Work order: Output exactly the lines below, starting with the line that has "MICHAEL Michael Kors" and going on through the line that has "Used 2013 Scion FR-S RWD image 9", both included, and no other lines.

Given data:
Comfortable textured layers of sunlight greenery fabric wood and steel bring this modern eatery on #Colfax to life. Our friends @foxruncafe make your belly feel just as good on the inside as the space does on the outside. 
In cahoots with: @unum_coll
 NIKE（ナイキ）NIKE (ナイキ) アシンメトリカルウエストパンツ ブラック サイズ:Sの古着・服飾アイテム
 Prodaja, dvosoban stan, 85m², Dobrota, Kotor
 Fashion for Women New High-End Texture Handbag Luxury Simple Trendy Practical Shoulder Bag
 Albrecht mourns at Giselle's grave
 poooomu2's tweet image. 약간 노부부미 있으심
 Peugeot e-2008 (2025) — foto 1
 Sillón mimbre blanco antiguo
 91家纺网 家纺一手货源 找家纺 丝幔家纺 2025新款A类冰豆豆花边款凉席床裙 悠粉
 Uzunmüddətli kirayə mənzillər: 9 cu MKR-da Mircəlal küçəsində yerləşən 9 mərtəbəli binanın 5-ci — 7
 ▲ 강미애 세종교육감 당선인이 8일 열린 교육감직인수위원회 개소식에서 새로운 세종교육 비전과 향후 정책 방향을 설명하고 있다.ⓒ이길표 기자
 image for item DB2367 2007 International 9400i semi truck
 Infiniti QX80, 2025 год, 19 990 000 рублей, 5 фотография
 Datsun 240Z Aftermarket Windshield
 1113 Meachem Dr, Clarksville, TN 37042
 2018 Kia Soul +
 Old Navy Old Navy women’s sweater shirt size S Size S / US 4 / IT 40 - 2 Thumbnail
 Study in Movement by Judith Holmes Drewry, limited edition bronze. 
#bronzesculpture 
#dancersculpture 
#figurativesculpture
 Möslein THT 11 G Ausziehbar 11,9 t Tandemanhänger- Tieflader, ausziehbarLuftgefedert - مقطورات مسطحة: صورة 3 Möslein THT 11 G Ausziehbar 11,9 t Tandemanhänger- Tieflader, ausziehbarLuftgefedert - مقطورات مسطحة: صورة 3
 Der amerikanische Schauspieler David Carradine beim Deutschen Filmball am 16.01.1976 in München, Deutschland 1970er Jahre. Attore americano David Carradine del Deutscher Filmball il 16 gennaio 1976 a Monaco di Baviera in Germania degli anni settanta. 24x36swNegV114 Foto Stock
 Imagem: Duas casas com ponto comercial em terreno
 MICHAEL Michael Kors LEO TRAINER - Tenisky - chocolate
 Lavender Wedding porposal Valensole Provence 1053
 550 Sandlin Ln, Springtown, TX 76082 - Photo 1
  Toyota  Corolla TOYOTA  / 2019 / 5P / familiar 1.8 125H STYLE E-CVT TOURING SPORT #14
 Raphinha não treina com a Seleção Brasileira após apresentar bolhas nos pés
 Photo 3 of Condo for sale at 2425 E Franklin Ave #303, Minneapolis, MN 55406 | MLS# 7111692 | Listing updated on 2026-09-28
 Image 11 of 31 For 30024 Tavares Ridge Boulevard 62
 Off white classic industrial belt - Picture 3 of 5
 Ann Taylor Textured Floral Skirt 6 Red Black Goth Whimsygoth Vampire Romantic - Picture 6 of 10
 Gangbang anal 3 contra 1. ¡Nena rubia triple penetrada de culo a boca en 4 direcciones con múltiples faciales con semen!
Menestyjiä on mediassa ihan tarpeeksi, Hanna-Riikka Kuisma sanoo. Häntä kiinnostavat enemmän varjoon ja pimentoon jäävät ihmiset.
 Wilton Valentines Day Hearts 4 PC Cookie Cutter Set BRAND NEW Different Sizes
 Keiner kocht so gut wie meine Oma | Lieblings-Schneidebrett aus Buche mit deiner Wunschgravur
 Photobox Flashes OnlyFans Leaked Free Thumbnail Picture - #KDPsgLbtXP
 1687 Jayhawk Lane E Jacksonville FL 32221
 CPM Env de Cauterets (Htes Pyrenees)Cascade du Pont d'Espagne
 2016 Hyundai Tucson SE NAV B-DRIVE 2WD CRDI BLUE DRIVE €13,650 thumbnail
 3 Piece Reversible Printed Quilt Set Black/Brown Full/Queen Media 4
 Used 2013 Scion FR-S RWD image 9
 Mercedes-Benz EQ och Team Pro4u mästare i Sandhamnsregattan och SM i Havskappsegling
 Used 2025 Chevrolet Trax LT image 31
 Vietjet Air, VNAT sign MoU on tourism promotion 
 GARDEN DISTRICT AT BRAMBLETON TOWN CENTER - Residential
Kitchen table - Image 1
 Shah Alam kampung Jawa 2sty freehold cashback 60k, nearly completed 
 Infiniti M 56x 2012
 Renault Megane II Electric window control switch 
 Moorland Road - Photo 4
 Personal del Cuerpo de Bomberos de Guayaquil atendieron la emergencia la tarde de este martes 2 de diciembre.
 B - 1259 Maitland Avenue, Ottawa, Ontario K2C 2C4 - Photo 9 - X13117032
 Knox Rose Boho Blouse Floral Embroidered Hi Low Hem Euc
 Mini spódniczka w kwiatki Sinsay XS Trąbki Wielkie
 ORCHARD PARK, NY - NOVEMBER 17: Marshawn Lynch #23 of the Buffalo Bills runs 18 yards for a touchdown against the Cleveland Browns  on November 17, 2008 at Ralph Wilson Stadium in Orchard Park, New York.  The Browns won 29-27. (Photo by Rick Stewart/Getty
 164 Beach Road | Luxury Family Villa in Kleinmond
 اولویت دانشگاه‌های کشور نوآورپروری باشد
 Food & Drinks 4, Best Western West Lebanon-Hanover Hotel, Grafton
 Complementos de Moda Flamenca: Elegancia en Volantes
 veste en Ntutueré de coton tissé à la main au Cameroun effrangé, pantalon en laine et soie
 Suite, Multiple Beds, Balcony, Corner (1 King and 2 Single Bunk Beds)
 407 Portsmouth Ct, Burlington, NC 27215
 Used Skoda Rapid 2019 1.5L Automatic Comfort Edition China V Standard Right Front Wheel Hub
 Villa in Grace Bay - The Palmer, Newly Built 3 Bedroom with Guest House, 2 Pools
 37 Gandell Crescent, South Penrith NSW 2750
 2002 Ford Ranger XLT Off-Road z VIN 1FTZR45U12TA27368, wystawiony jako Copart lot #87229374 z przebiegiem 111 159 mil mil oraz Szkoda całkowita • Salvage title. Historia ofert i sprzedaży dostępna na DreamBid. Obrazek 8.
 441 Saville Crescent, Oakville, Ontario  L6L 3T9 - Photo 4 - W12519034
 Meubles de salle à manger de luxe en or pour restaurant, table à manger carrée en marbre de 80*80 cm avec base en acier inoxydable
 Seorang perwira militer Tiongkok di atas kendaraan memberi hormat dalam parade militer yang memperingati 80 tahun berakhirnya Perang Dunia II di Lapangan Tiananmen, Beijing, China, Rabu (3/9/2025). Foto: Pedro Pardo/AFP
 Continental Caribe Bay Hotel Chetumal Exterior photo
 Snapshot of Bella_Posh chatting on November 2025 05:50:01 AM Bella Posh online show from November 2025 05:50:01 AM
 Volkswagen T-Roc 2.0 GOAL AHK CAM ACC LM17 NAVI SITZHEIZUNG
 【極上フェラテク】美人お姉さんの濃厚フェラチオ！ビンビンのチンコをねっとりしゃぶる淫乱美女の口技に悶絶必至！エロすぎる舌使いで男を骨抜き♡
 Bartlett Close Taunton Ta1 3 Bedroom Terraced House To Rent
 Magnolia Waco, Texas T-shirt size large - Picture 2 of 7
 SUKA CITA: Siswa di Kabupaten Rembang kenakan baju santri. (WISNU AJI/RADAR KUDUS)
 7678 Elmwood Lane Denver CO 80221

Answer to the problem:
 MICHAEL Michael Kors LEO TRAINER - Tenisky - chocolate
 Lavender Wedding porposal Valensole Provence 1053
 550 Sandlin Ln, Springtown, TX 76082 - Photo 1
  Toyota  Corolla TOYOTA  / 2019 / 5P / familiar 1.8 125H STYLE E-CVT TOURING SPORT #14
 Raphinha não treina com a Seleção Brasileira após apresentar bolhas nos pés
 Photo 3 of Condo for sale at 2425 E Franklin Ave #303, Minneapolis, MN 55406 | MLS# 7111692 | Listing updated on 2026-09-28
 Image 11 of 31 For 30024 Tavares Ridge Boulevard 62
 Off white classic industrial belt - Picture 3 of 5
 Ann Taylor Textured Floral Skirt 6 Red Black Goth Whimsygoth Vampire Romantic - Picture 6 of 10
 Gangbang anal 3 contra 1. ¡Nena rubia triple penetrada de culo a boca en 4 direcciones con múltiples faciales con semen!
Menestyjiä on mediassa ihan tarpeeksi, Hanna-Riikka Kuisma sanoo. Häntä kiinnostavat enemmän varjoon ja pimentoon jäävät ihmiset.
 Wilton Valentines Day Hearts 4 PC Cookie Cutter Set BRAND NEW Different Sizes
 Keiner kocht so gut wie meine Oma | Lieblings-Schneidebrett aus Buche mit deiner Wunschgravur
 Photobox Flashes OnlyFans Leaked Free Thumbnail Picture - #KDPsgLbtXP
 1687 Jayhawk Lane E Jacksonville FL 32221
 CPM Env de Cauterets (Htes Pyrenees)Cascade du Pont d'Espagne
 2016 Hyundai Tucson SE NAV B-DRIVE 2WD CRDI BLUE DRIVE €13,650 thumbnail
 3 Piece Reversible Printed Quilt Set Black/Brown Full/Queen Media 4
 Used 2013 Scion FR-S RWD image 9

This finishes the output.